私のデフォルメなサヌちゃんが相手の瞳に映ります。
一方で私の視界には、自信なさげな私が写実的に映っていました。
「わあっ……」
直感的に抱いたのは喜の感情でした。
私の絵がどう思われるだとか、お泊まり会がうまくいくかだとか。そういった余計な不安が一時的にすべて吹き飛んで、心が躍ります。
クオリティが非常に高い精巧な絵でした。細部まで描かれていて、私という人間を完璧に表現し切っていました。
(まるで、私がその紙の中で生きているみたい……)
思わずうっとりとするほど引き込まれてしまいます。
お友達からプレゼントをもらった事実に、サヌちゃんから絵を贈られた事実に私は、心があまあまに溶けてしまいそうになりました。
人生で数少ない悦びを一通り味わって、私は我に返ります。
(はっ……。サヌちゃんは……)
私が喜んでいたとしても、サヌちゃんが必ずしもそうであるとは限りません。
サヌちゃんの画力に比べると私は見劣りしますし、魅力も遠く及びません。
幻滅していないか。想定以下の出来に困っていないか。そんな不安を胸にサヌちゃんのほうを見ました。
「え……?」
サヌちゃんは、
「ふふっ……」
純粋に笑顔を浮かべていました。
どこか裏がありそうなものとは違う純粋な微笑み。良くも悪くもサヌちゃんらしからぬ姿でした。
私が予想外の反応に呆気に取られていると、
「サヌちゃんは嬉しいんだよ。ユガミの絵が」
お姉ちゃんが私にそう言いました。
「嬉しい……? 私の絵が……? クオリティも大したことないのに……?」
「いや、そんなことはない。その画風はユガミにしか出せないし、誰から見てもその絵は上手だよ。

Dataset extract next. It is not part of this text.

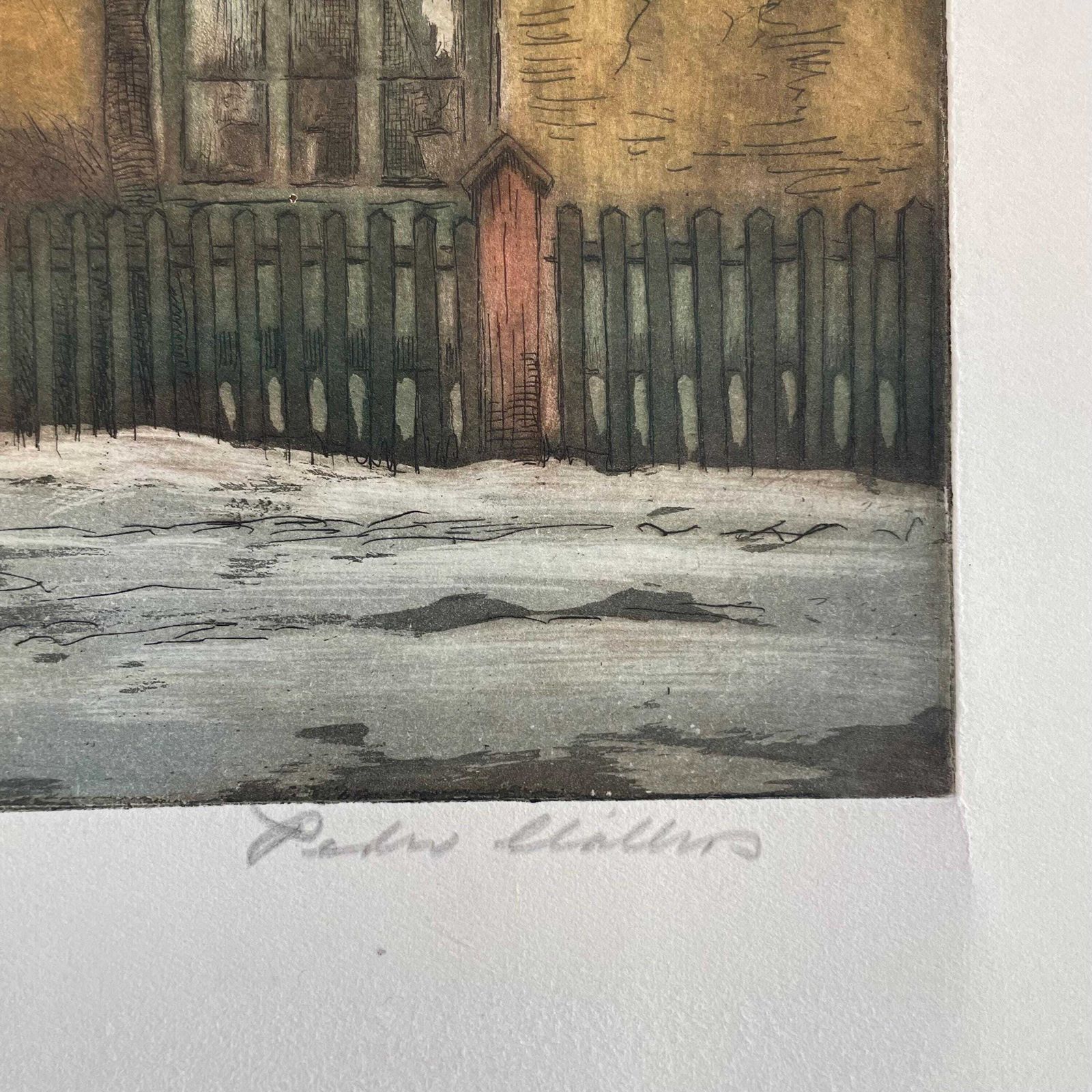 Early 20th Century Danish Handcoloured Etching From The 1930s By Peder Møller (1890 1961) With Motive Of Town House photo vinterior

それにさっきも言ったけど、こういうのは込めた気持ちが大切なの。ユガミの絵に込めたその想いが、こうしてサヌちゃんに届いている。今ユガミがサヌちゃんからプレゼントされた絵を見て目を輝かせているみたいにね」
「……」
もう一度サヌちゃんを見ます。
お姉ちゃんの言葉を聞いたあとだと、サヌちゃんの反応を素直に受け取ることができました。
(私のしたことで、サヌちゃんが喜んでくれている……)
成り行きとはいえ、これまで迷惑しかかけてこなかったサヌちゃんに、初めて恩を与えられた瞬間。

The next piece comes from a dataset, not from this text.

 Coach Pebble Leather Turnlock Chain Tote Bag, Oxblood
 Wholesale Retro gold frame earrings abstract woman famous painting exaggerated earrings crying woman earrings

私はプレゼントをもらった喜びと、他者にプラスを与えられた幸福で頭がどうにかなってしまいそうなくらい嬉しくなりました。
「ありがとうございます。ユガミさん……!」
私は返します。
「こ、こちらこそありがとう……。サヌちゃん……!」
何だか初めてサヌちゃんとお友達になれたような、そんな気分でした。
私達はしばらく絵を眺め続けていました。